The super co-contribution is a government initiative to boost the super savings of individuals. If you are a low/middle-income individual who made eligible personal super contributions to a super fund or retirement savings account (RSA), the government may match those contributions up to $1,000.
You are eligible for the super co-contribution if all of the following apply
- you made at least one eligible personal super contribution to a company super fund or RSA during the financial year and you didn’t claim a deduction for your contributions
- your total income (minus any allowable business deductions) is less than the higher income threshold (currently $61,920)
- at least 10% of your income came from employment-related activities or carrying on a business
- you were under 71 years old at the end of the financial year
- you did not hold a temporary visa during the financial year (New Zealanders excepted)

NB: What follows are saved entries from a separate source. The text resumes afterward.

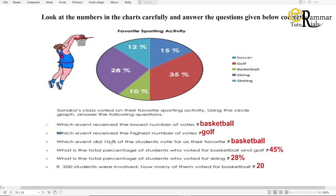Basketball received the lowest number of votes. Which event received the highest number of votes? Golf. Which event did 10% of the students vote for as their favourite? Basketball.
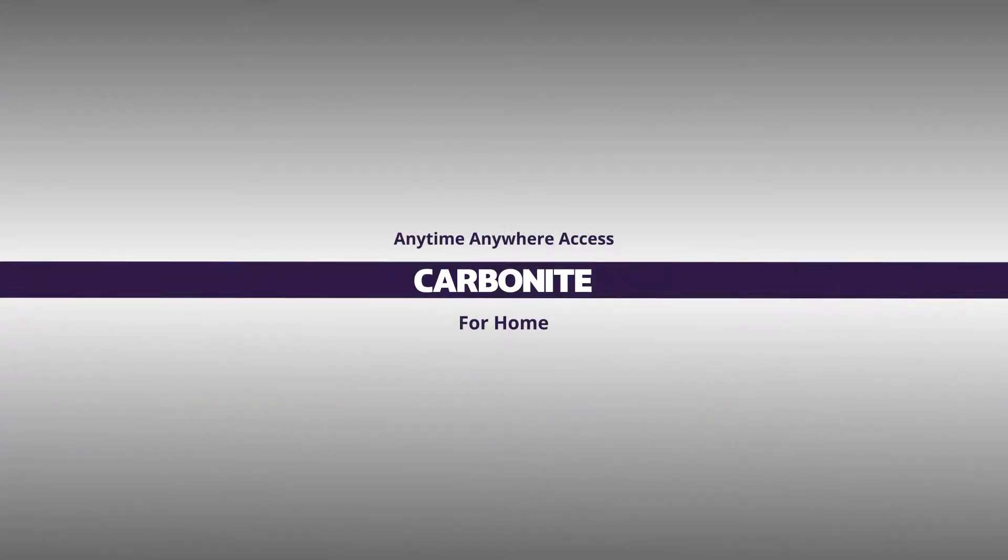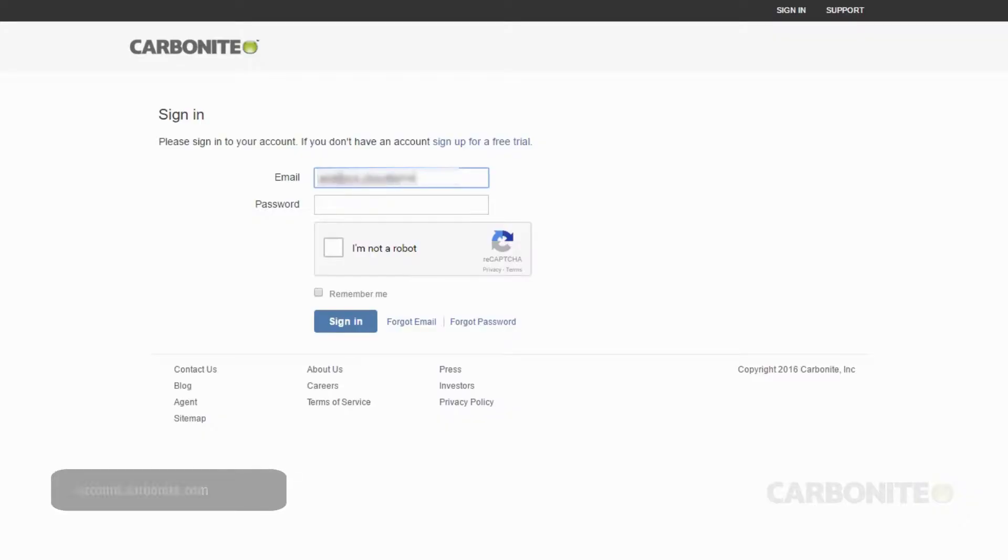With a Carbonite backup, you have access to your files from any internet-connected computer. All you have to do is log into your account at account.carbonite.com.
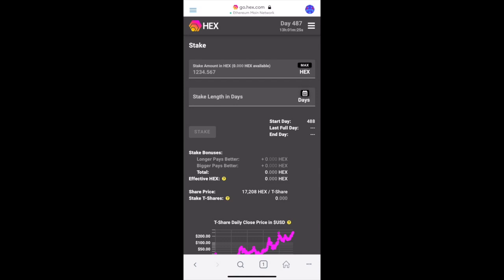After you press the stake button and pay the transaction fee, it could take a few minutes for your stake to complete. Your stake will start on the following day when the clock rolls over. You can see the timer countdown at the top right corner.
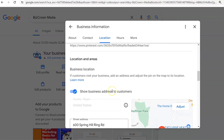Now the good thing is you can decide to show your address to customers, or if you work from home and you do not want to do that, you can simply toggle it off here. But that's how you can change your business address on Google Maps. If this was helpful, like the video and subscribe to our channel for more helpful tips.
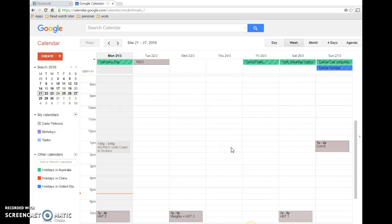I had these recurring meetings in Google Calendar and I was wanting to make the change to all of the occurrences. So for example, if you've got a weekly appointment and you want to make a change to all of them, how do you do it?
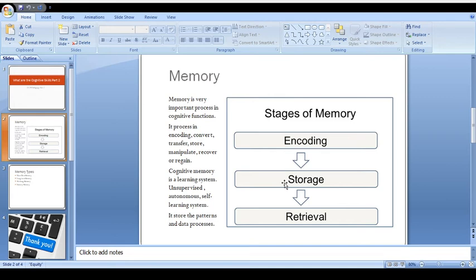So these are good examples for storage memory. Now retrieval, which we call recover, we can say regain - and how we're gonna regain, which I have already explained to you.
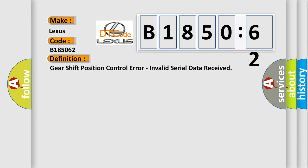The basic definition is: Gear shift position control error, invalid serial data received.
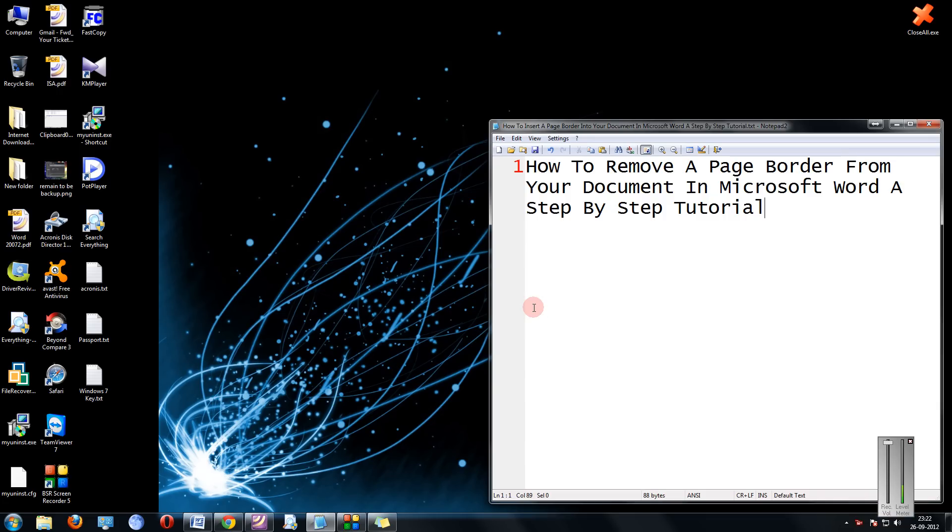Welcome to another tutorial of easy video series. In this tutorial I am going to show you how to remove a page border from your document in Microsoft Word.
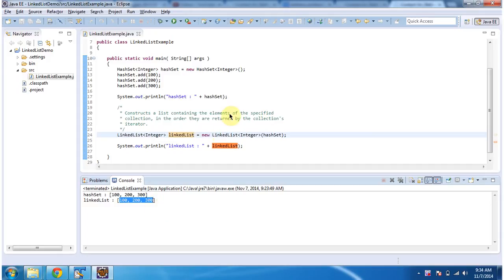And this is about LinkedList constructor which accepts a collection. Thanks for watching.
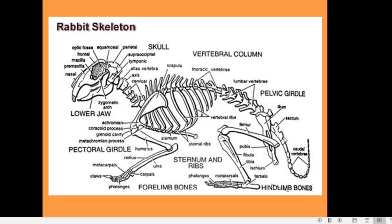The caudal vertebrae support the tail. They look like simple bony pieces in which the neural spines and transverse processes are not prominent. Only a few anterior caudal vertebrae possess spines, arches, and zygapophyses, and there is a progressive decrease in size through the caudal vertebrae.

- you lodge an income tax return
Eligible personal super contributions do not include the compulsory super contributions made on your behalf by your employer. Nor do they include super contributions made through a salary sacrifice arrangement.
During the 2009-2010 financial year, super co-contribution labels were added to the tax return under the Super Co-Contribution Adjustment section. These questions ask about income from investments, partnerships, and other sources, income from employment and business, and allowable business deductions. While completely this section is not mandatory, it is advisable that you complete it, or else you might receive the incorrect super co-contribution.